Tag Archives: Dominica

Sample Saturday: Away From Home

This post is inspired by Booker Talk’s Sample Saturday: Around the World Post. I thought I’d do it while waiting for my computer to do things. Flipping it to books written by Antiguans and Barbudans (citizens and/or residents) set Away from Home (i.e. not set in Antigua and Barbuda). Fiction, obviously. I’m sure I can find three. Fingers crossed.

London Rocks by Brenda Lee Browne – This is the story of Dante Brookes, a young man growing up in London in the late seventies and early eighties when sound systems ruled the party scene for young, Black British youth of Caribbean heritage. He navigates the loss of friends, police harassment and being a teenage father while forging a career as an MC. Dante stumbles into the acting profession and also becomes a writer. It is through these disparate experiences that he learns that the pen and mic at mightier than the sword.

I do think this is one of those books that should have gotten more notice than it did. I explained why in my review.

Verdict: Definitely check it out.

Considering Venus by D. Gisele Isaac – This explores the almost-unacknowledged issue of lesbianism among Caribbean women and adds to it the complication of a heterosexual perspective.  It asks, “What happens when girlfriends becomes more than friends?”

Though the characters visit Antigua, the book, if I’m remembering correctly, is primarily set in the US (the Northeast US, I believe) where the author was resident at the time.

Verdict: Breaking taboos way ahead of the curve (it came out in the late 1990s); a timely classic. Get it.

Unburnable by Marie Elena John – Haunted by scandal and secrets, Lillian Baptiste fled Dominica when she was fourteen after discovering she was the daughter of Iris, the half-crazy woman whose life was told of in chanté mas songs sung during Carnival—songs about a village on a mountaintop littered with secrets, masquerades that supposedly fly and wreak havoc, and a man who suddenly and mysteriously dropped dead. After twenty years away, Lillian returns to her native island to face the demons of her past.

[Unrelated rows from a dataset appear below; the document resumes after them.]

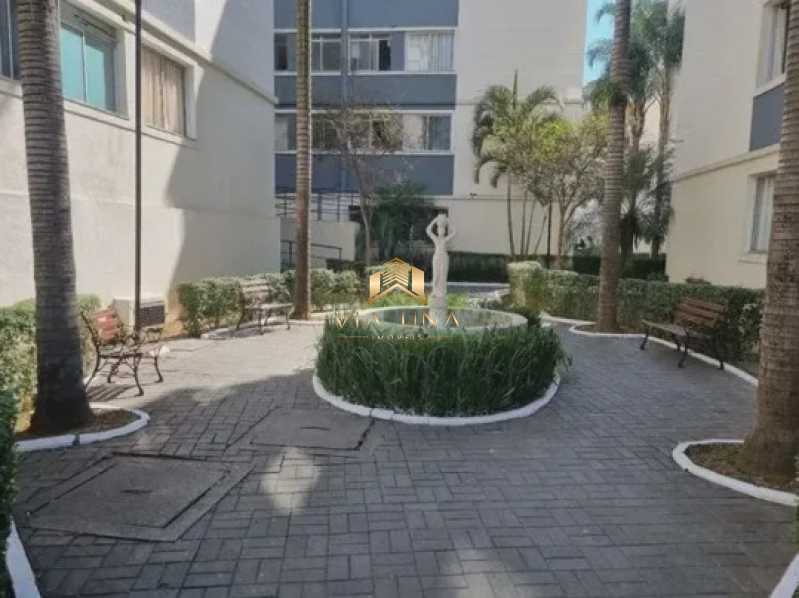Apartamento, 4 quartos, 84 m² - Foto 17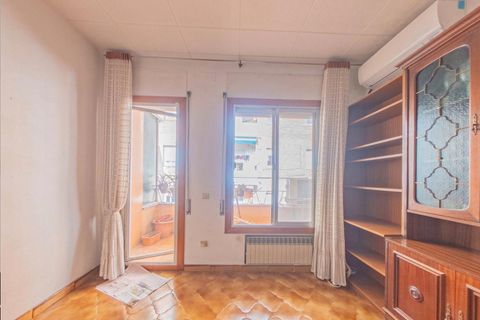 Lejlighed i Barcelona, Barcelona, Barcelona - € 395.000 | Ref: P01BC-315/9374 - foto 24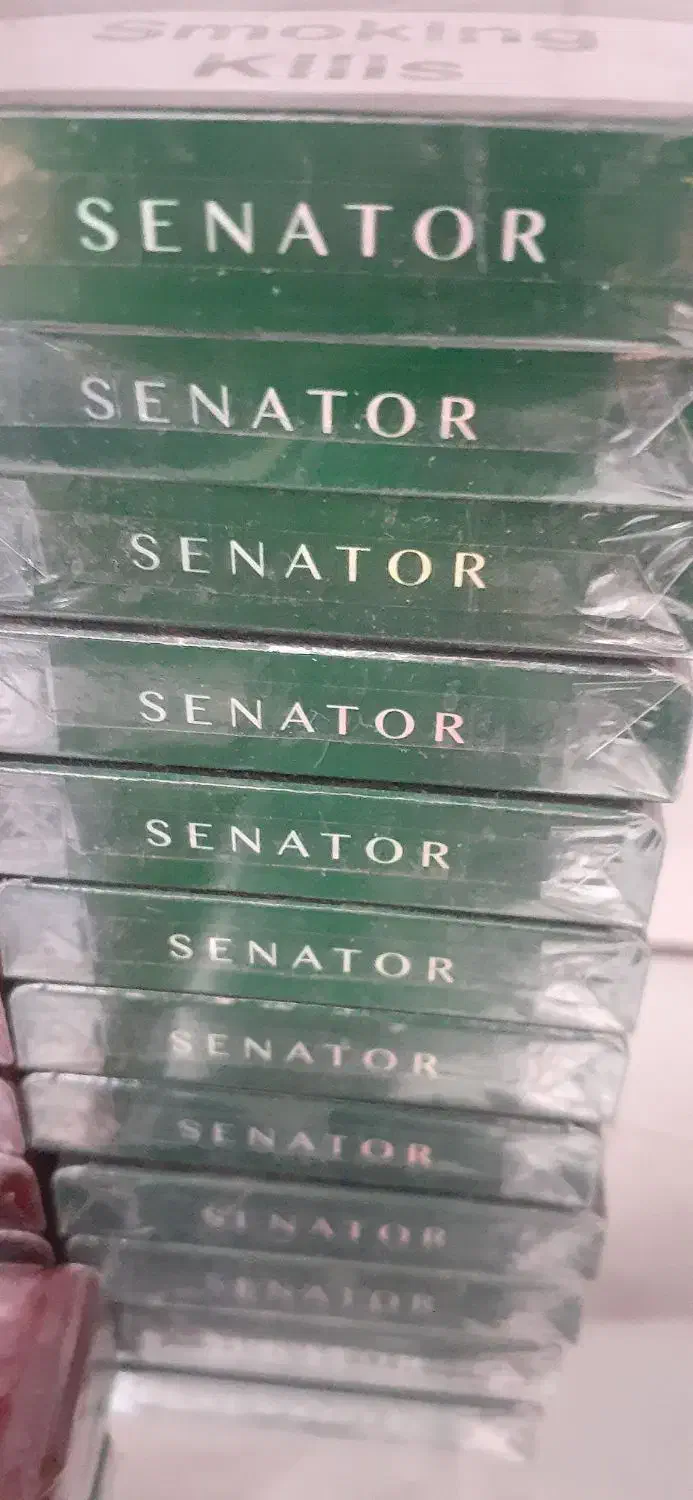 کارگرساده برای سوپر|استخدام خدمات فروشگاه و رستوران|تهران, سوهانک|دیوار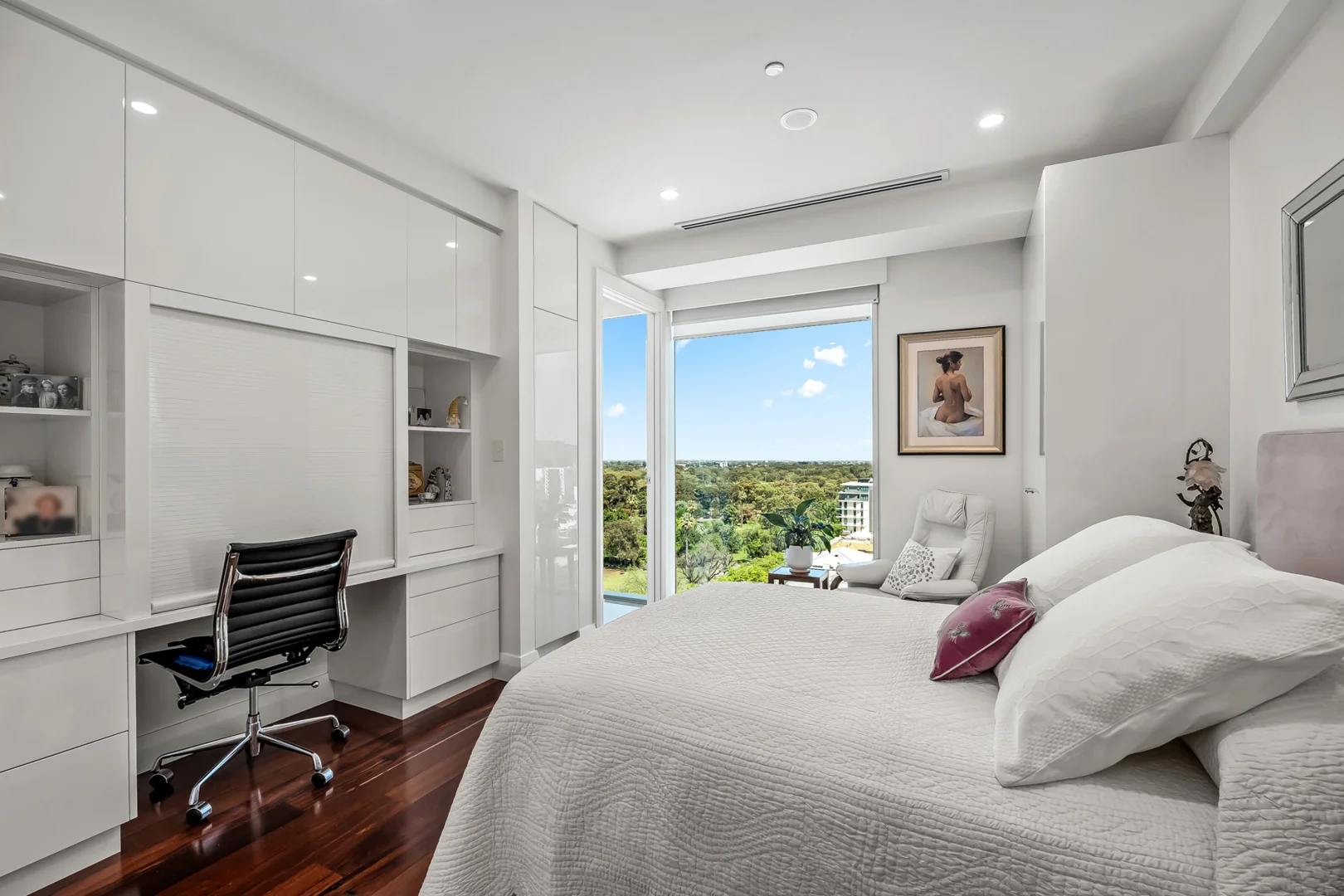 Additional image 25 of 1003/267 Hutt Street, Adelaide SA 5000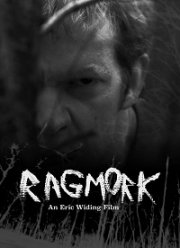 Рагморк (2019)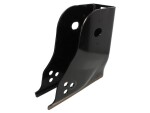 FEBER MP CZ 9463206578 / leaf spring mounting part (suspension support) fits: feber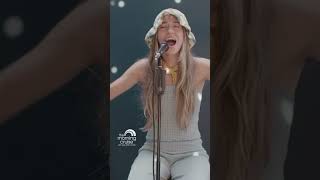 Lauren Daigle "Thank God I Do" (Live) | The Morning Cruise #music #inspiration #faith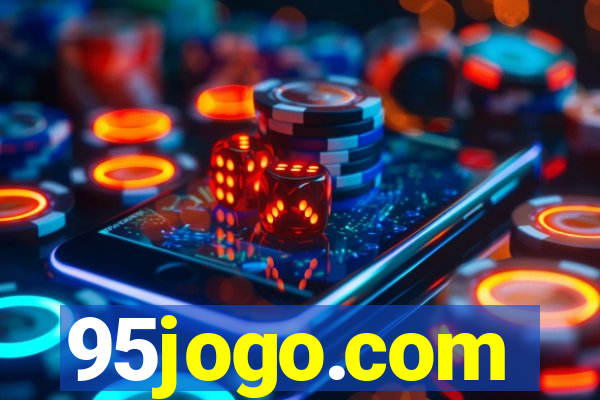 95jogo.com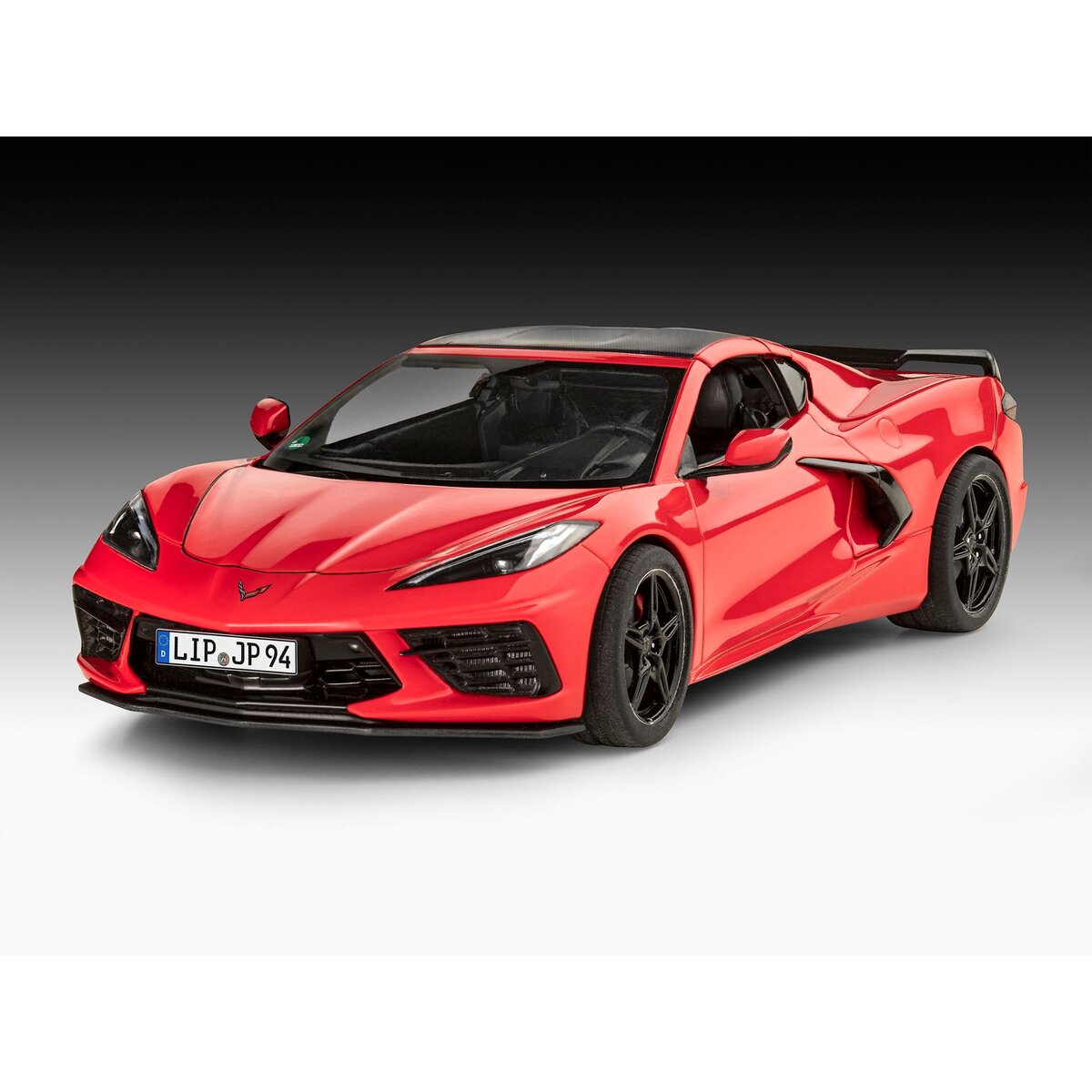 revell-corvette-c8-coupe-48C1305D3.jpg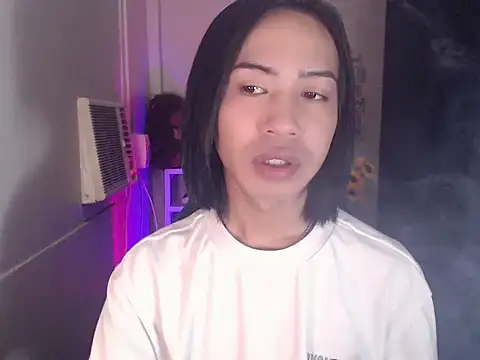 Snapshot of Lemonadexxx chatting on 11.17.25 Lemonadexxx online show from 11.17.25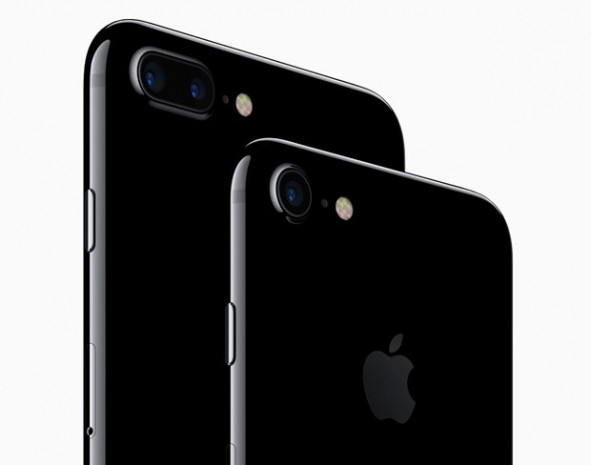 iPhone'u en pahalı satan ülkeler - Page 3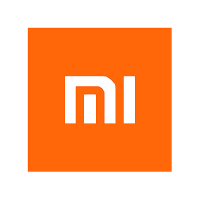 @xiaomi-automl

Of course, there are a fair number of Antiguans who will say Dominica (the French/English Caribbean republic – not the Spanish country that takes up half of Hispaniola) doesn’t count, so intertwined are our families, but it is technically Away.

Verdict: A Hurston Wright Legacy Award nominee and a really good read spanning generations.

That’s my three. I started scrolling through the Antigua and Barbuda Fiction List and hit three books I’d read and liked that were set Away before even getting to Jamaica Kincaid (take your pick, Lucy – NY or See Now Then – Vermont), or having to pull the books with only a few scenes Away (like my own Dancing Nude in the Moonlight – Dominican Republic), or hit the children’s book (Rachel Collis’ Emerald Isle of Adventure says it’s set in Montserrat right there in the title).

As with all content on wadadlipen.wordpress.com, except otherwise noted, this is written by Joanne C. Hillhouse (author of The Boy from Willow Bend, Dancing Nude in the Moonlight 10th Anniversary Edition and Other Writings, Oh Gad!, Musical Youth, With Grace, and Lost! A Caribbean Sea Adventure). All Rights Reserved. If you enjoyed it, check out my page on WordPress, and/or Facebook, and help spread the word about Wadadli Pen and my books. You can also subscribe to the site to keep up with future updates. Thanks.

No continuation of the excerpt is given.